The Pleasure of Finding Things Out: A blog by James Triveri - Accessing C Library Functions from Python

ctypes is part of the Python standard library which provides C compatible data types and allows calling functions in shared libraries. It can be used to wrap libraries written in compiled languages from Python.

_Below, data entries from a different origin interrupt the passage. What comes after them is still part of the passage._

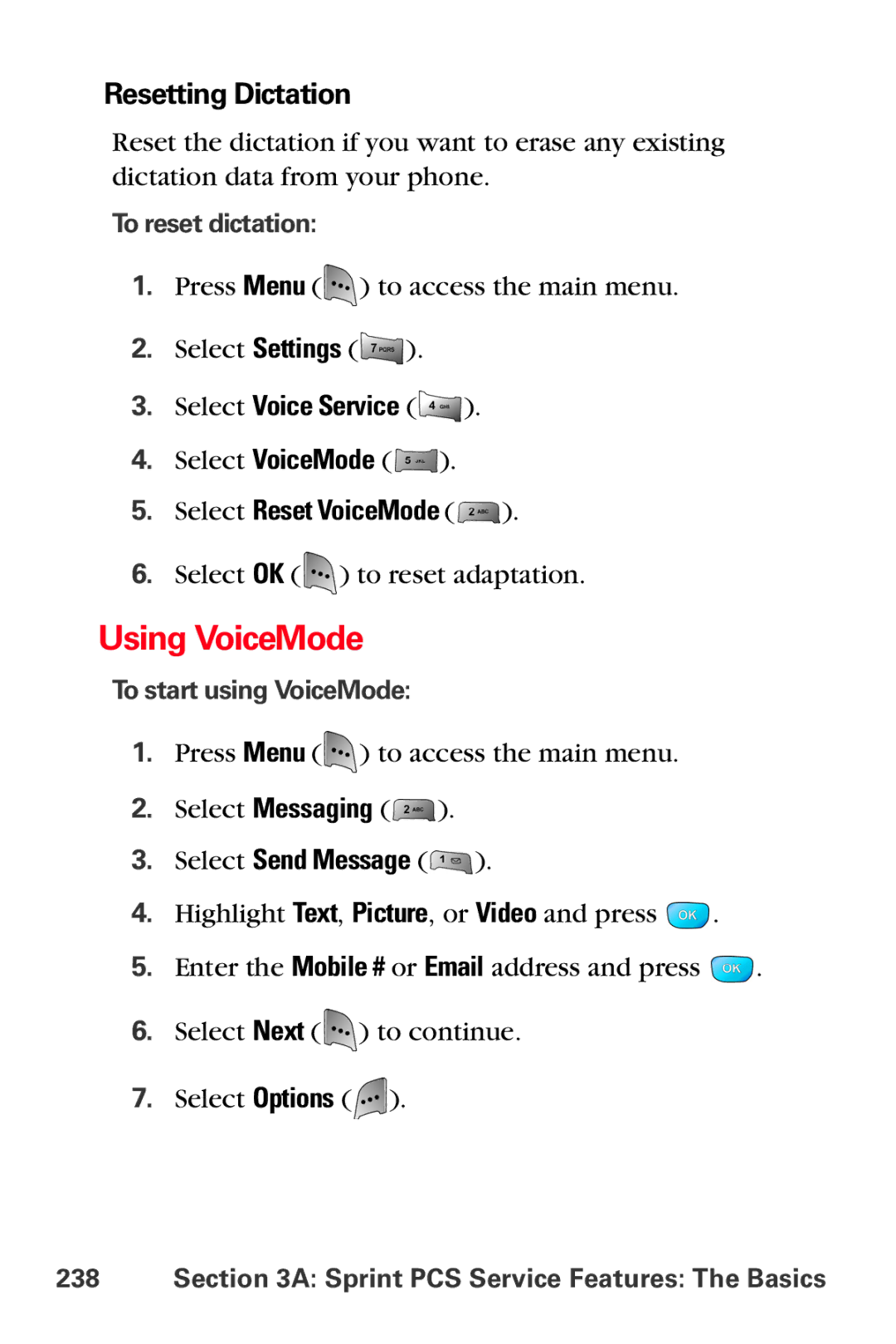 Samsung MM-A800 Using VoiceMode, Resetting Dictation, Select Reset VoiceMode, To reset dictation, To start using VoiceMode 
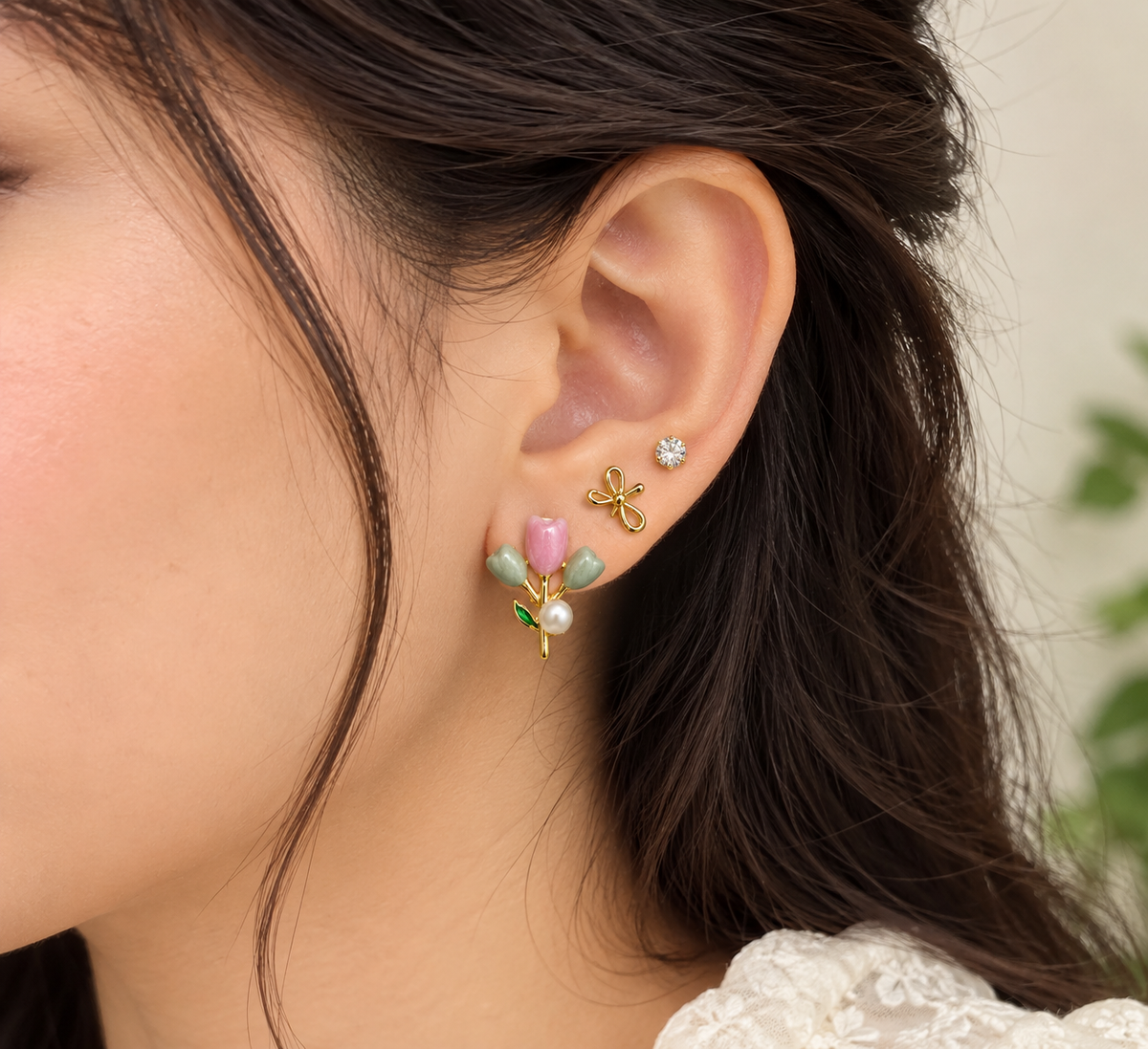 Spring Blossom & Bow Trio Stud Set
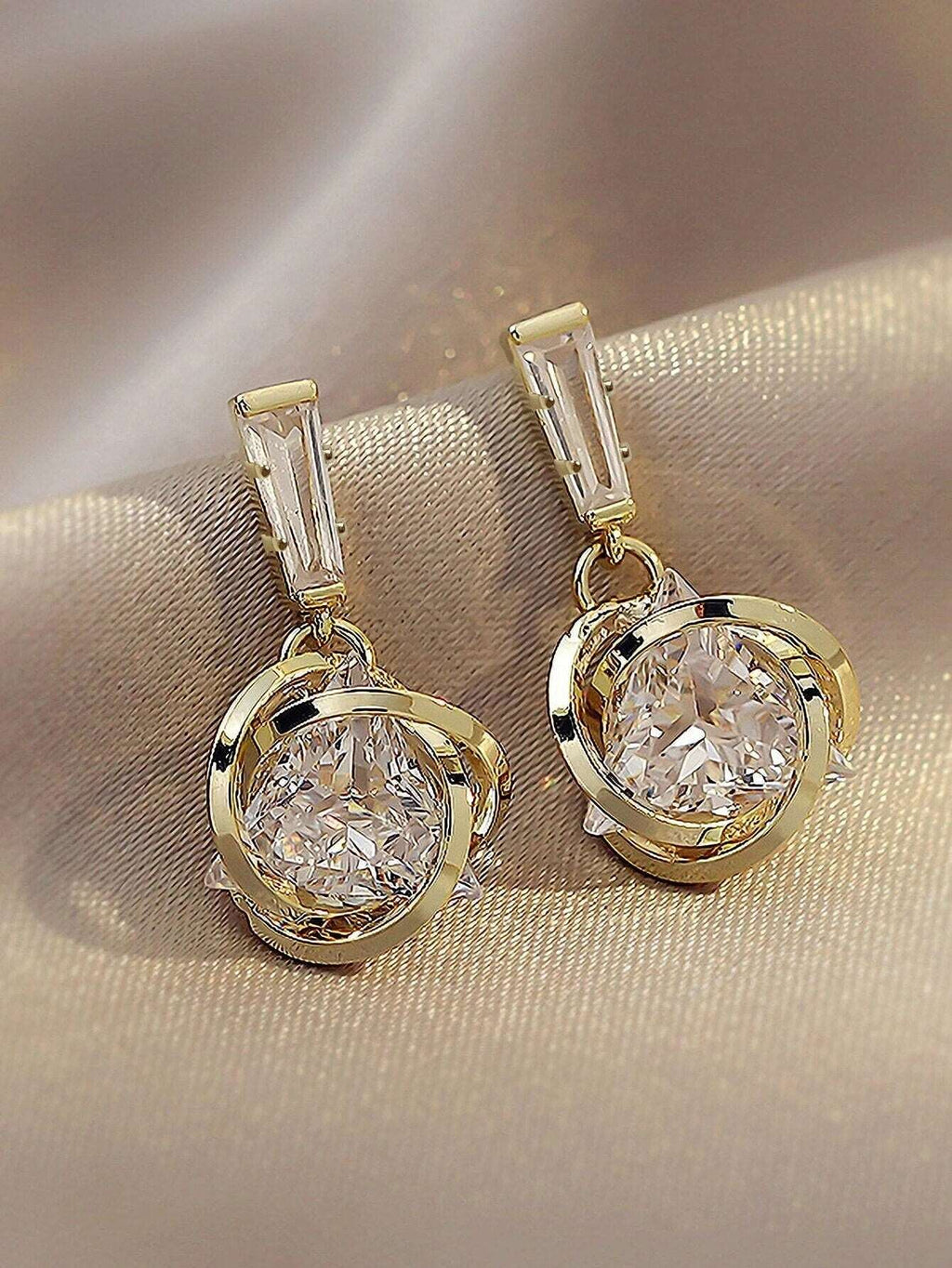 Baguette Cut Crystal Earrings, Sphere Crystal Ball Wedding Bridal Earrings, Bridesmaid Minimalist Fashion Studded Earrings - KaleaBoutique.com
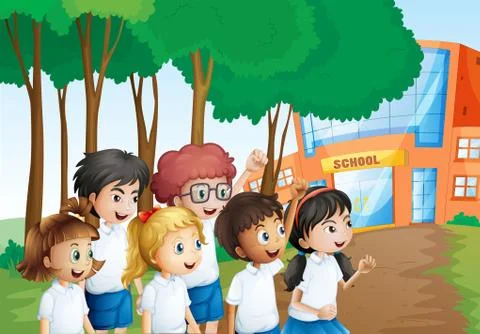 Six happy students in front of the school building Ilustración de archivo
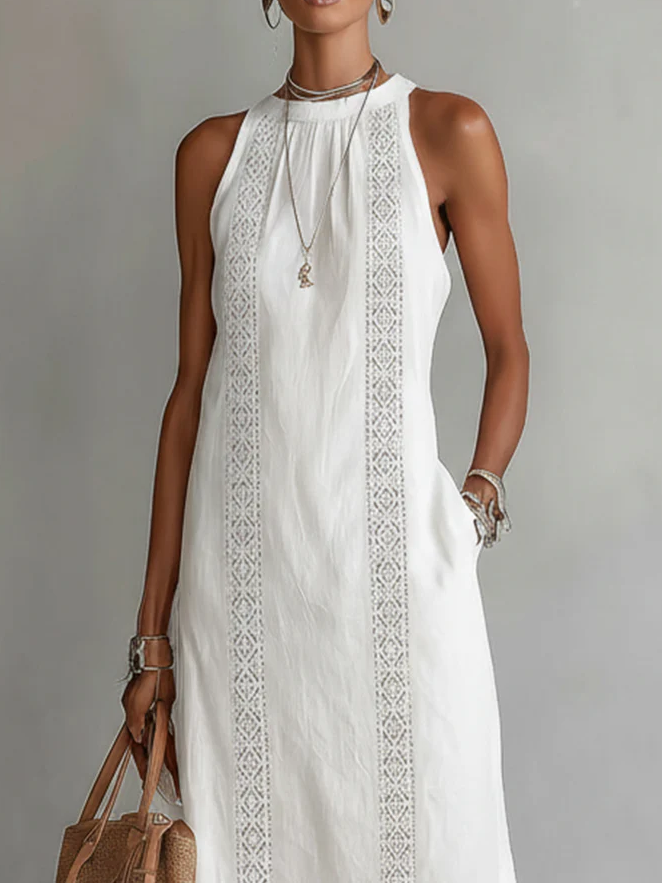 Sofia | Vestido Midi de Algodón y Lino con Cuello Chino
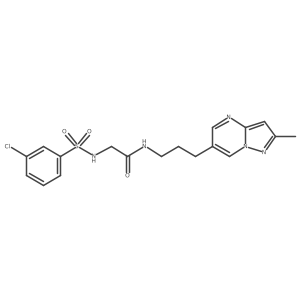 2-(3-chlorobenzenesulfonamido)-N-(3-{2-methylpyrazolo[1,5-a]pyrimidin-6-yl}propyl)acetamide结构式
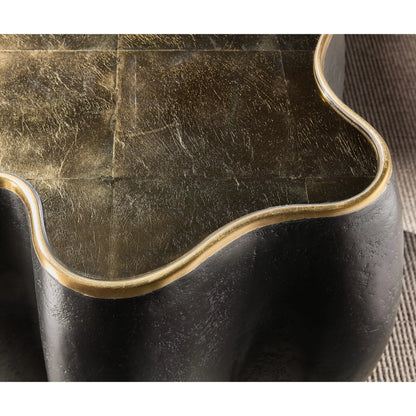 Melange Even and Flow Round End Table by Hooker Furniture in black, gold accents. Made from resin, glass in a modern style.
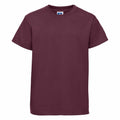 A Russell J180B short-sleeved t-shirt in plain maroon, displayed against a white background.
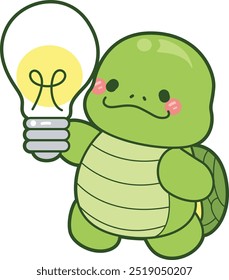 Etiqueta engomada de la vida diaria de la tortuga de Kawaii linda.
Ilustraciones de mascota de tortuga linda.
Tortuga trae una lámpara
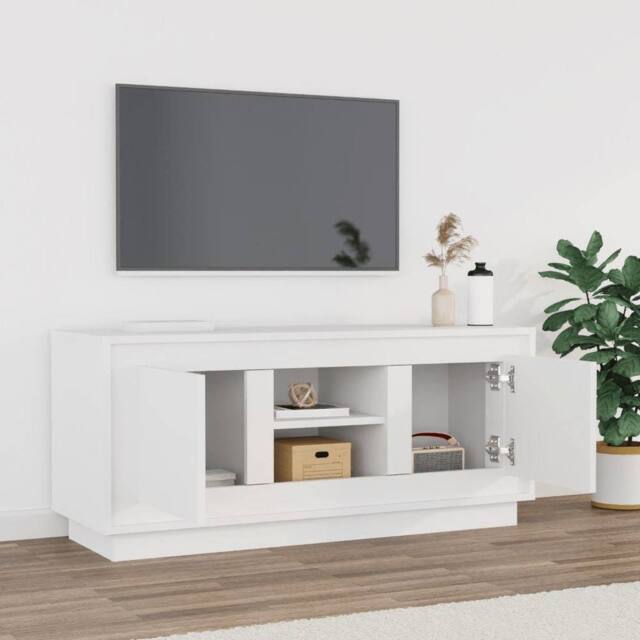 Berkfield Home TV Cabinet White 102x35x45 cm Engineered Wood - Size: 102 x 35 x 45 cm - image 1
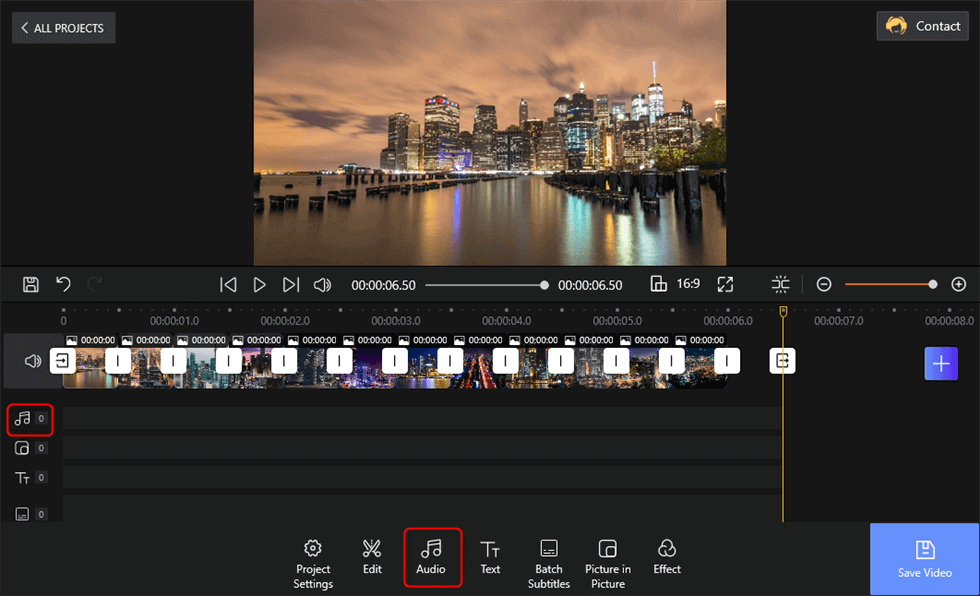 Tap the 2 Options to Add Audio to Slideshow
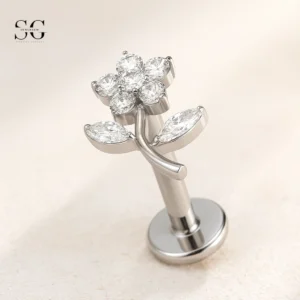 SGYS1055 Jewelry Labret - Flower Branch Design G23 Titanium Labret with Zircon Gemstone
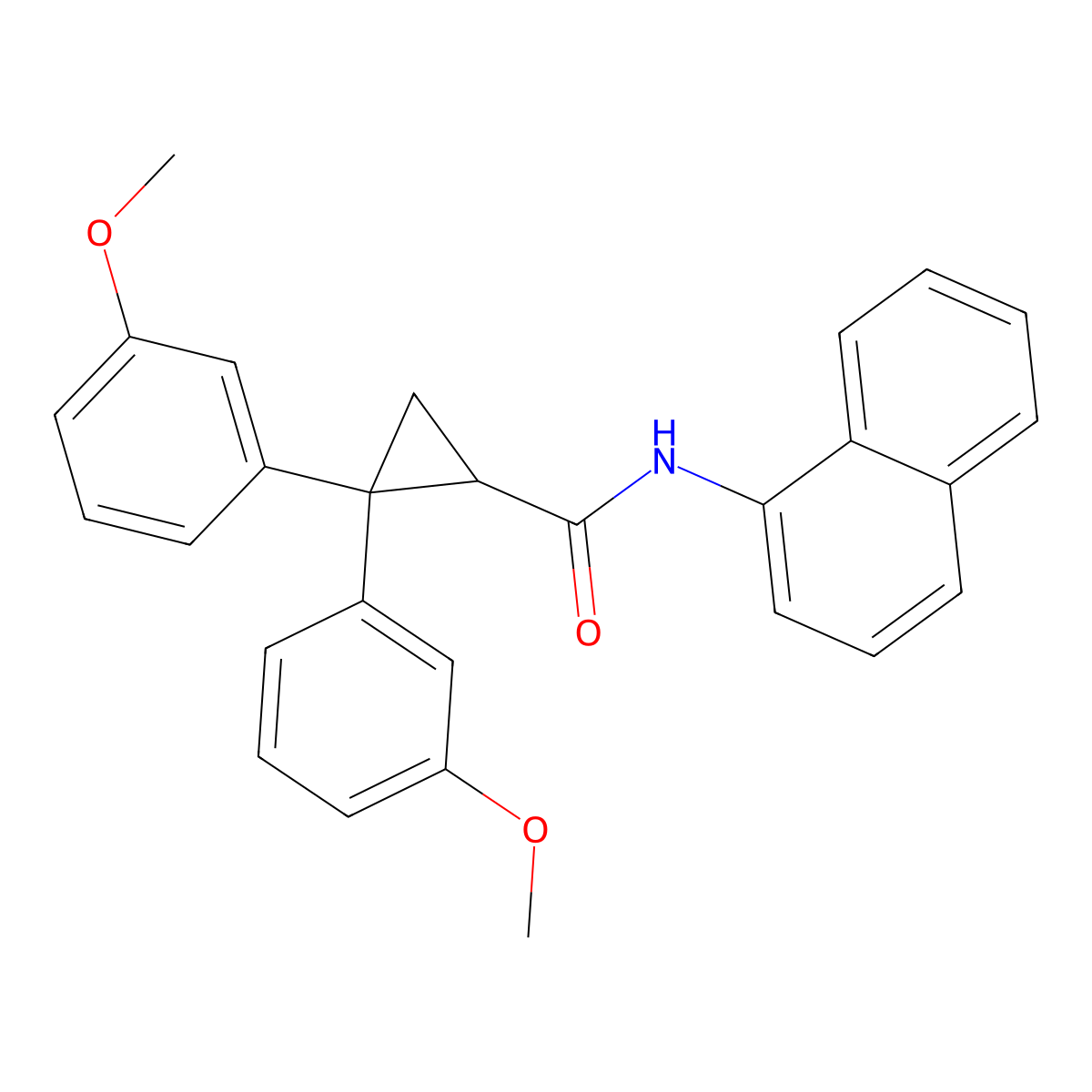2,2-Bis(3-methoxyphenyl)-N-(naphthalen-1-yl)cyclopropane-1-carboxamide molecular structure, CAS 6367-56-2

In this post, we’ll demonstrate how to call functions written in C from Python using ctypes. The functions take as input an array of normal variates with specified mean and variance, then compute the normal CDF for each input array element. The sample code also demonstrates how to link to the C math library during compilation.

Normal CDF

Our goal is to be able to call a C-implemented normal cumulative distribution function (CDF) from Python, which takes as input a value $x$, mean $\mu$, standard deviation $\sigma$ and returns the corresponding CDF of $x$ (which ranges from 0 to 1). In addition, a second function that populates an array of evaluated normal quantiles for a given input array will be created.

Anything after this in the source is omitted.